I'm trying to run K-means algorithm with predefined centroids. I have had a look at the following posts:
1.R k-means algorithm custom centers
2.Set static centers for kmeans in R
However, every time I run the command:
km = kmeans(df_std[,c(10:13)], centers = centroids)
I get the following error:
**Error: empty cluster: try a better set of initial centers**
I have defined the centroids as:
centroids = matrix(c(140.12774, 258.62615, 239.36800, 77.43235,
33.37736, 58.73077, 68.80000, 12.11765,
0.8937264, 0.8118462, 0.8380000, 0.8052941,
11.989858, 12.000000, 8.970000, 1.588235),
ncol = 4, byrow = T)
And my data, is a subset of a data frame say: df_std. It has been scaled already
df_std[,c(10:13)]
I'm wondering why would the system give the above error? Any help on this would be highly appreciated!

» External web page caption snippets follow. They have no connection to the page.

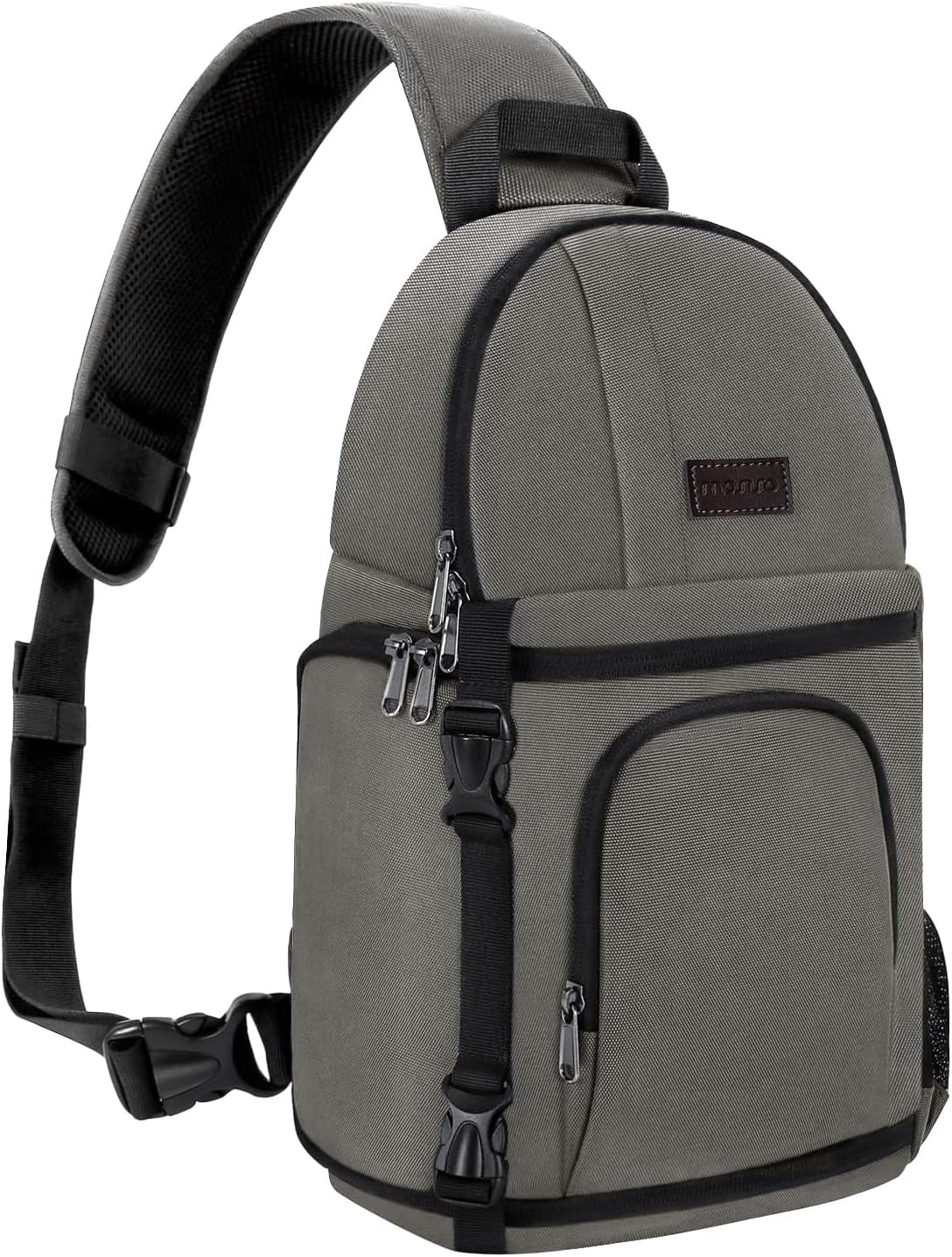 Camera Sling Bag, Dslr/Slr/Mirrorless Camera Backpack Case Shockproof Photography Backpack with Tripod Holder & Removable Modular Inserts Compatible with Canon/Nikon/Sony/Fuji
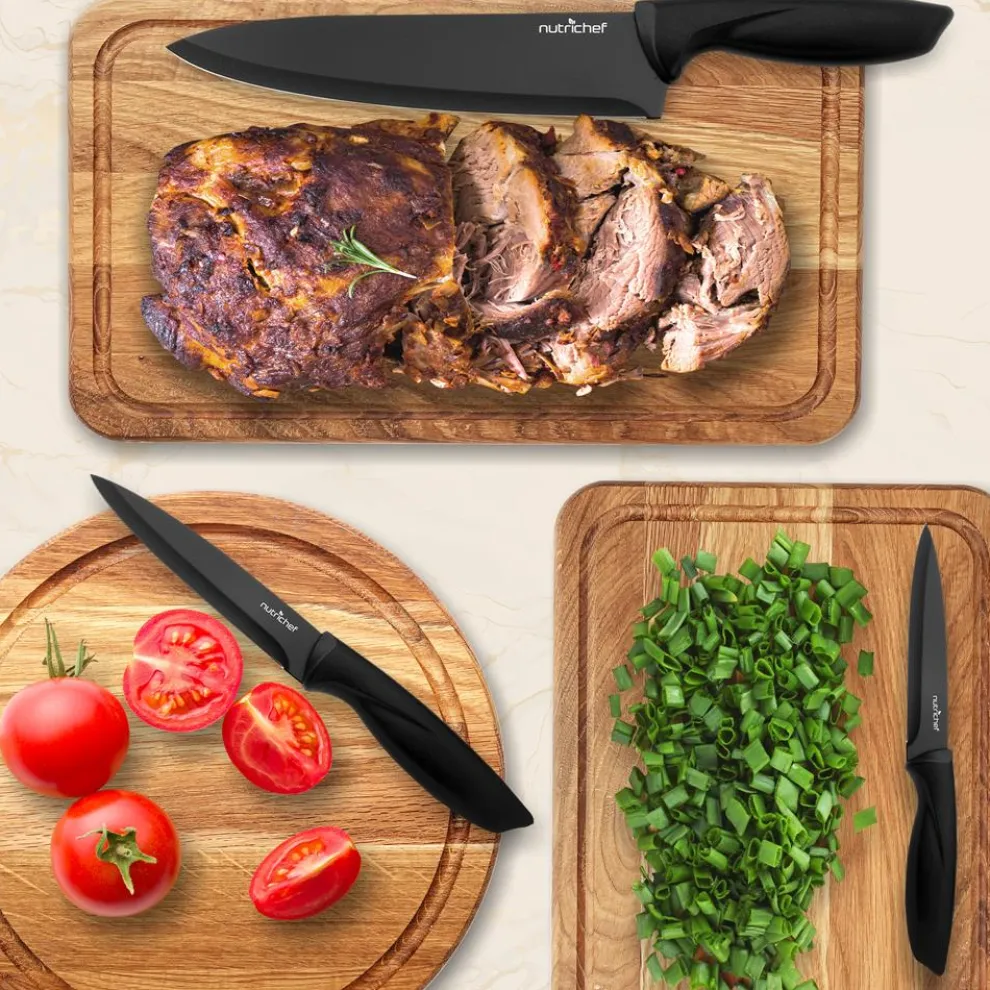 7-Piece Knife Set for Precision Cutting, Stainless Steel, Acrylic Stand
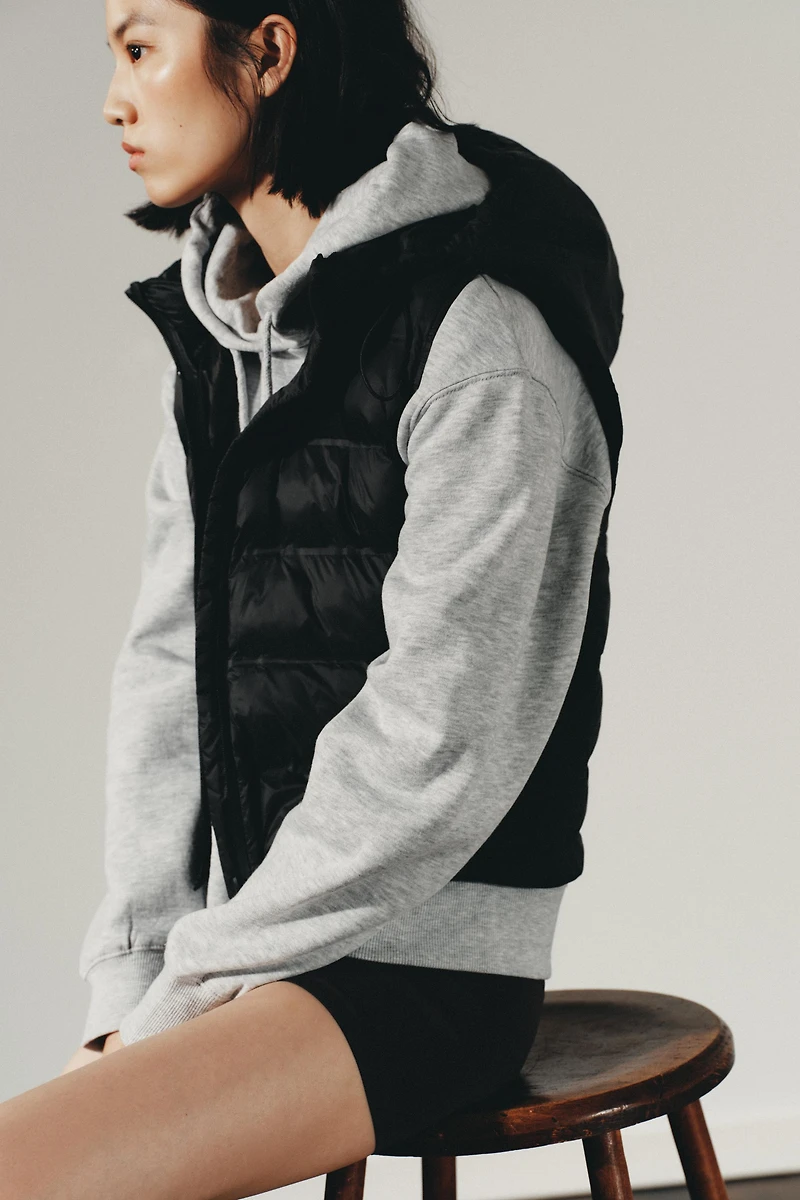 GILET SANS MANCHES MATELASSÉ COMBINÉ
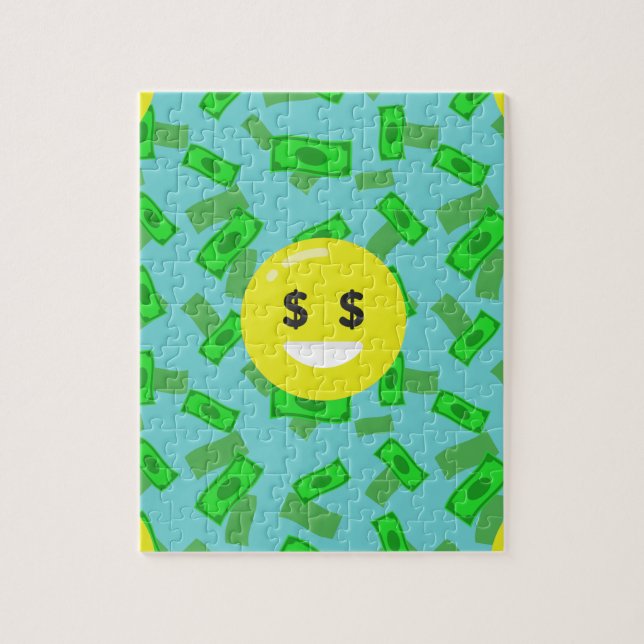 Geld mit Augen Emoji Puzzle (Vertikal)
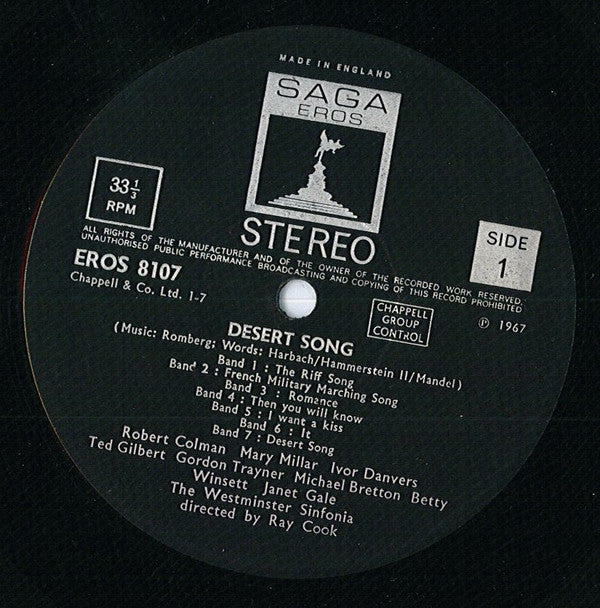 Various : The Desert Song (LP, Album)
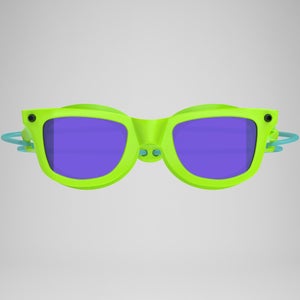 Kids Sunny G Seasider Mirrored Goggles Green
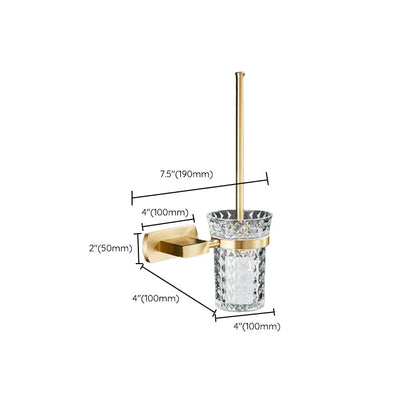 BowLift | Traditional Golden Bath Accessory Set Brass Bathroom Accessories Kit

While browsing for the specific error that I posted above:
Error: empty cluster: try a better set of initial centers
I found the following link to a conversation:
http://r.789695.n4.nabble.com/Empty-clusters-in-k-means-possible-solution-td4667114.html
Broadly speaking, the above error is generated when the centroids don't match with the data.
It can happen when k is a number: due to random starts of the k-means algorithm, there is a possibility that the centres do not match with data
It may also happen when k represents the centroids (my case). The problem was: my data was scaled but my centroids were unscaled.
The above shared link made me realise that there is a bug in my code. Hope it will help someone in a similar situation as mine!